* _Your task_
Take the line with "贝亲（Pigeon）新生儿 防胀气宽口径PPSU奶瓶160ml SS号奶嘴" as the first and the last line of the data as the end. Write out both and every line between exactly, except pictures.

* _Data to use_
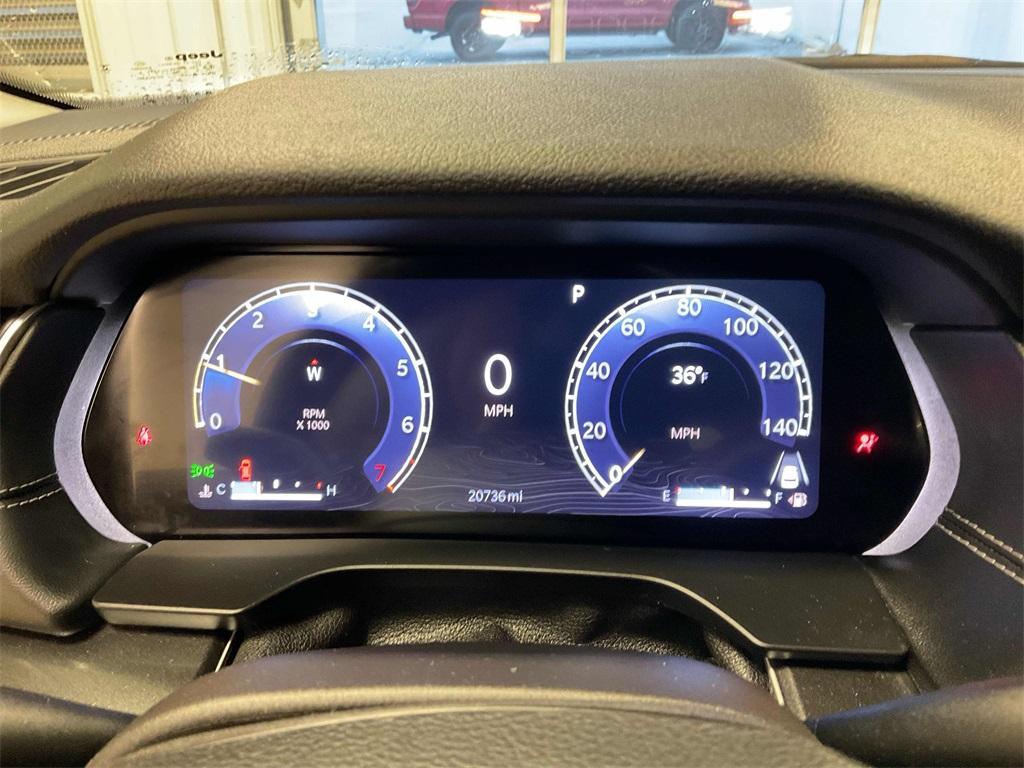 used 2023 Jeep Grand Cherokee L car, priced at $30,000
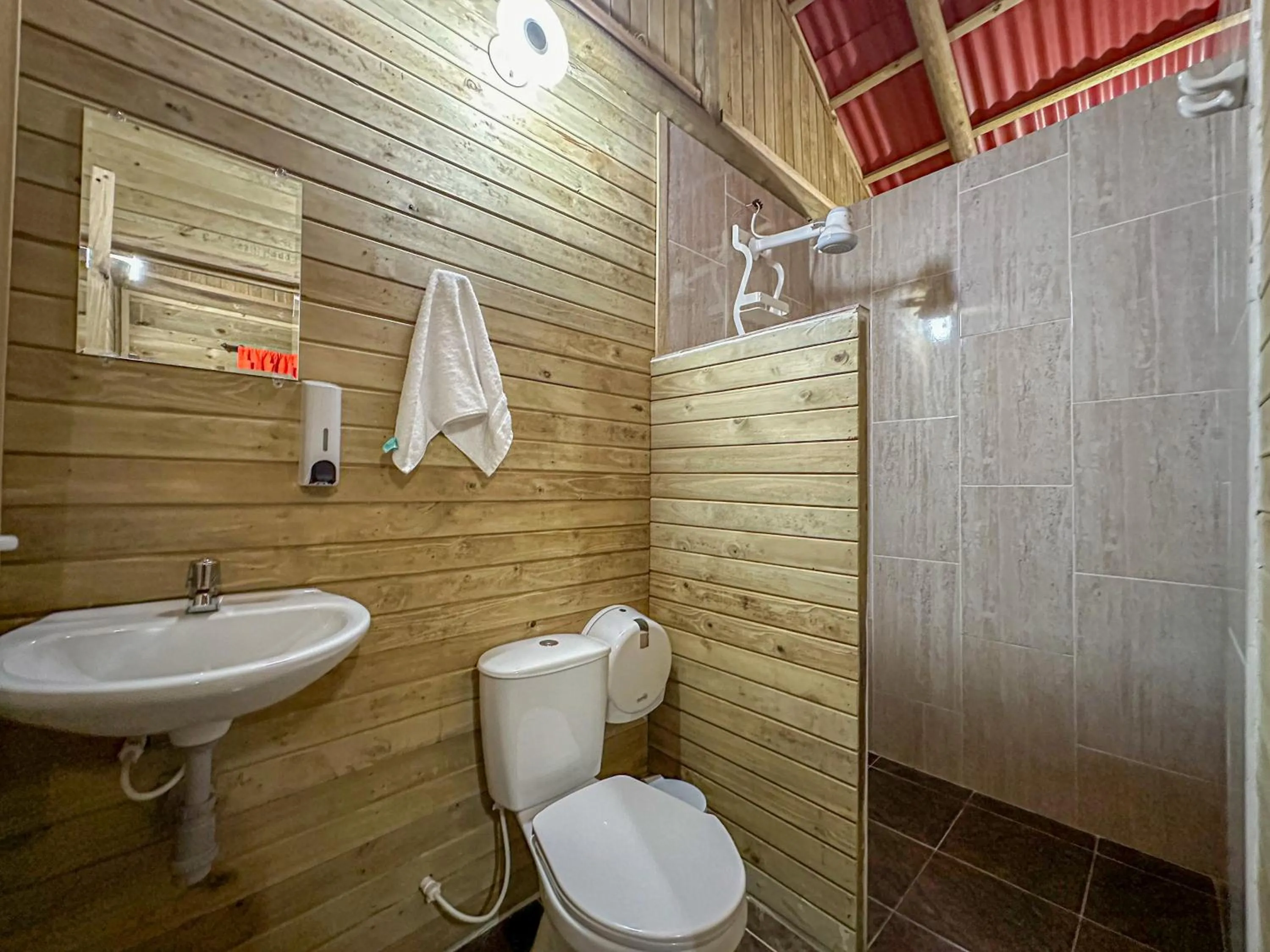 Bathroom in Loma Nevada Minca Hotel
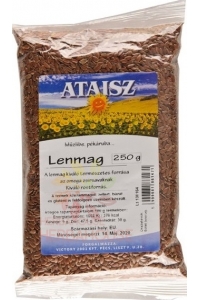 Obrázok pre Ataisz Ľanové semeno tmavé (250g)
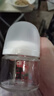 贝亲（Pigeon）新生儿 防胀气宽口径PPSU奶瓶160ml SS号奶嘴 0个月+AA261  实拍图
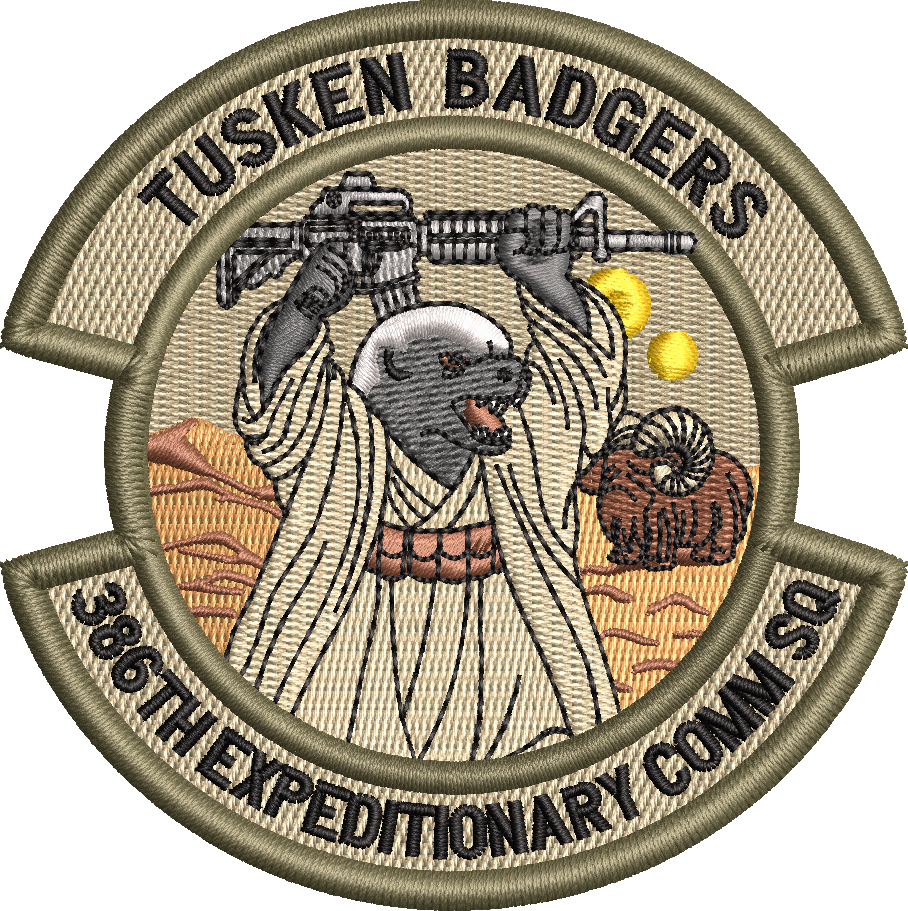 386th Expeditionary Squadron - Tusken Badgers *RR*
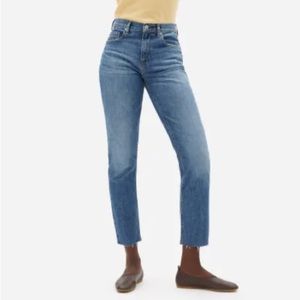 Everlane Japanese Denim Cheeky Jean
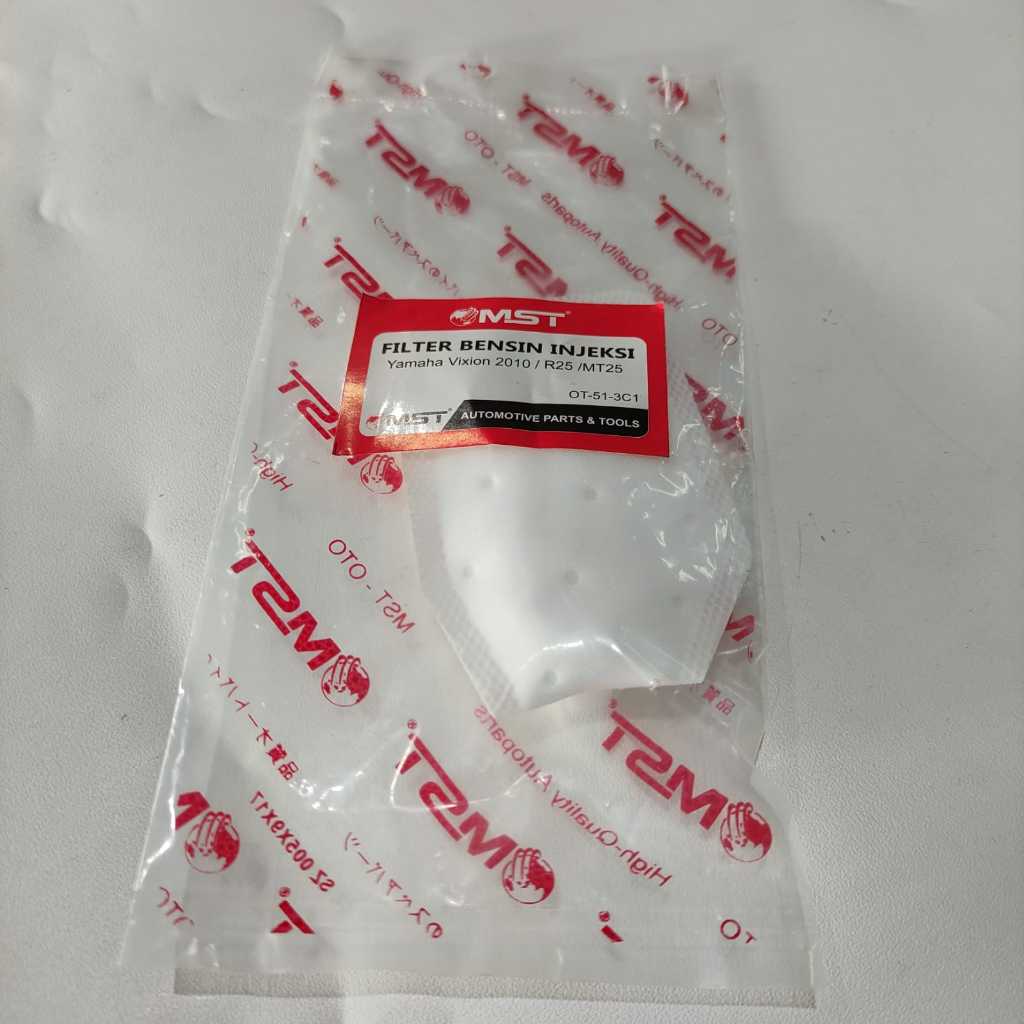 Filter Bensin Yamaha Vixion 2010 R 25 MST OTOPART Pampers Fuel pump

* _Result for this task_
 贝亲（Pigeon）新生儿 防胀气宽口径PPSU奶瓶160ml SS号奶嘴 0个月+AA261  实拍图
 386th Expeditionary Squadron - Tusken Badgers *RR*
 Everlane Japanese Denim Cheeky Jean
 Filter Bensin Yamaha Vixion 2010 R 25 MST OTOPART Pampers Fuel pump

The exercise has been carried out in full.